Probing CODI's Latent Reasoning Chain with Logit Lens and Tuned Lens
New interpretability research shows CODI's 6-step reasoning chain stores answers in odd steps and intermediate data in even steps.
New interpretability research reveals how CODI's latent reasoning models internally process multi-step problems, with significant implications for AI safety and monitoring. Researcher Realmbird applied logit lens and tuned lens techniques to probe CODI's 6-step reasoning chain in the publicly available Llama 3.2 1B checkpoint, testing on GSM8K arithmetic problems. The study found that tuned lenses trained directly on CODI's outputs could decode final answers from odd-numbered latent steps (1, 3, 5), while plain logit lenses failed to reveal this information. This suggests these odd steps contain crystallized answers, while even steps (2, 4) serve primarily as storage with the highest final answer detection rates.
The research uncovered surprising patterns in CODI's internal computation: entropy peaks at steps 3 and 5, indicating active computation happening at those stages. Most unexpectedly, translators trained directly on CODI's latent hidden states underperformed those trained on text tokens, suggesting latent vectors remain surprisingly close to text token geometry despite their specialized function. The tuned lens specialized for CODI latents tended to overfit, mirroring the final layer's behavior, while separate analysis of odd and even latents showed distinct decoding patterns.

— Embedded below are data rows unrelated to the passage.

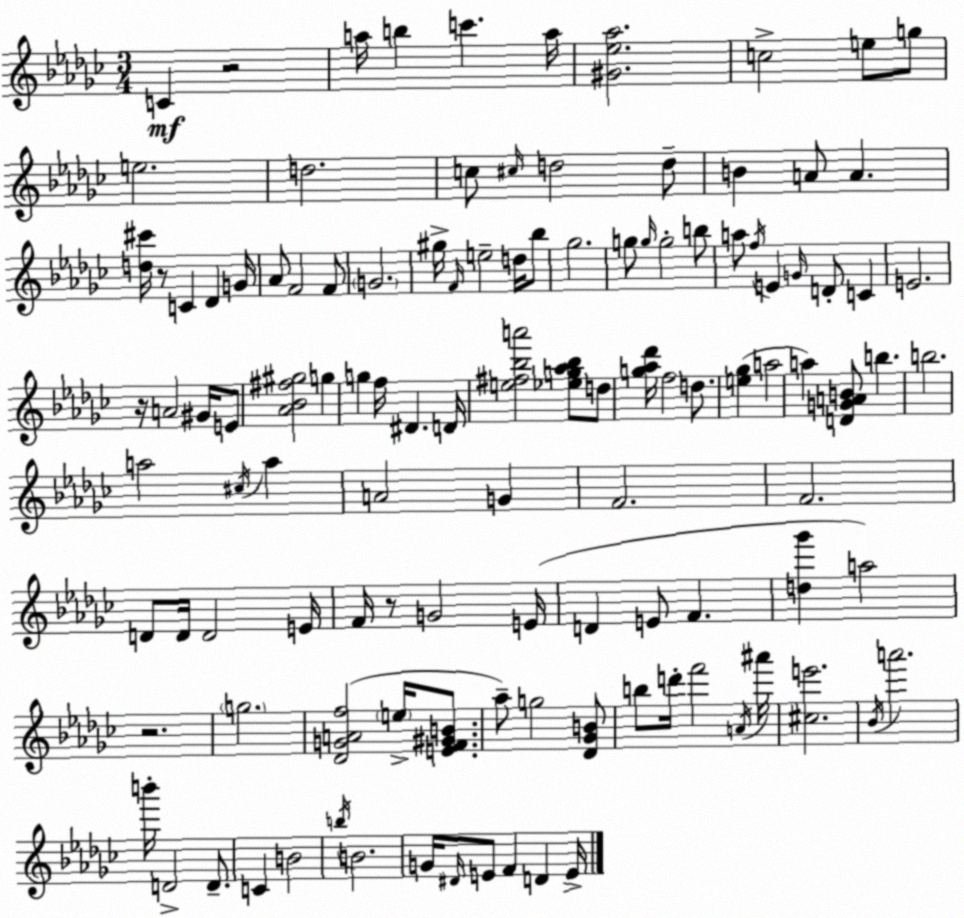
X:1
T:Untitled
M:3/4
L:1/4
K:Ebm
C z2 a/4 b c' a/4 [^G_e_a]2 c2 e/2 g/2 e2 d2 c/2 ^c/4 d2 d/2 B A/2 A [d^c']/4 z/2 C _D G/4 _A/2 F2 F/2 G2 ^g/4 F/4 e2 d/4 _b/2 _g2 g/2 g/4 g2 b/2 a/2 f/4 E G/4 D/2 C E2 z/4 A2 ^G/4 E/2 [_A_B^f^g]2 g g f/4 ^D D/4 [e^f_ba']2 [_eg_a_b]/2 d/2 [g_a_d']/4 f2 d/2 [e_g] a2 a [DGAB]/2 b b2 a2 ^c/4 a A2 G F2 F2 D/2 D/4 D2 E/4 F/4 z/2 G2 E/4 D E/2 F [d_g'] a2 z2 g2 [_DGAf]2 e/4 [EF^GB]/2 _a/2 g2 [_D_GB]/2 b/2 d'/4 f'2 A/4 ^a'/4 [^ce']2 _B/4 a'2 b'/4 D2 D/2 C B2 b/4 B2 G/4 ^D/4 E/2 F D E/4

These findings advance our ability to monitor AI reasoning processes in real-time, potentially enabling early exit strategies when answers have crystallized or flagging when internal computations diverge from stated reasoning.
- Tuned lens reveals final answers in CODI's odd latent steps (1,3,5) while plain logit lens cannot decode this information
- Even latent steps (2,4) show highest final answer detection rates (consistent with storage function) while odd steps show entropy peaks (indicating active computation)
- Translators trained directly on CODI's latent states underperformed text-trained translators by 15-20%, suggesting latent vectors remain close to text geometry
Why It Matters
Enables lightweight monitoring tools to detect when AI reasoning diverges from stated logic, crucial for safety-critical applications.